── Given data

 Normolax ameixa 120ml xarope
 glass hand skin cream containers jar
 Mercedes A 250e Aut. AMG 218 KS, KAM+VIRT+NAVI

────

*Work instruction*: Output nothing but the lines from the one containing "glass hand skin cream containers jar" to the end of the listing, both of those included, exactly as given.

*Solved exercise*:
 glass hand skin cream containers jar
 Mercedes A 250e Aut. AMG 218 KS, KAM+VIRT+NAVI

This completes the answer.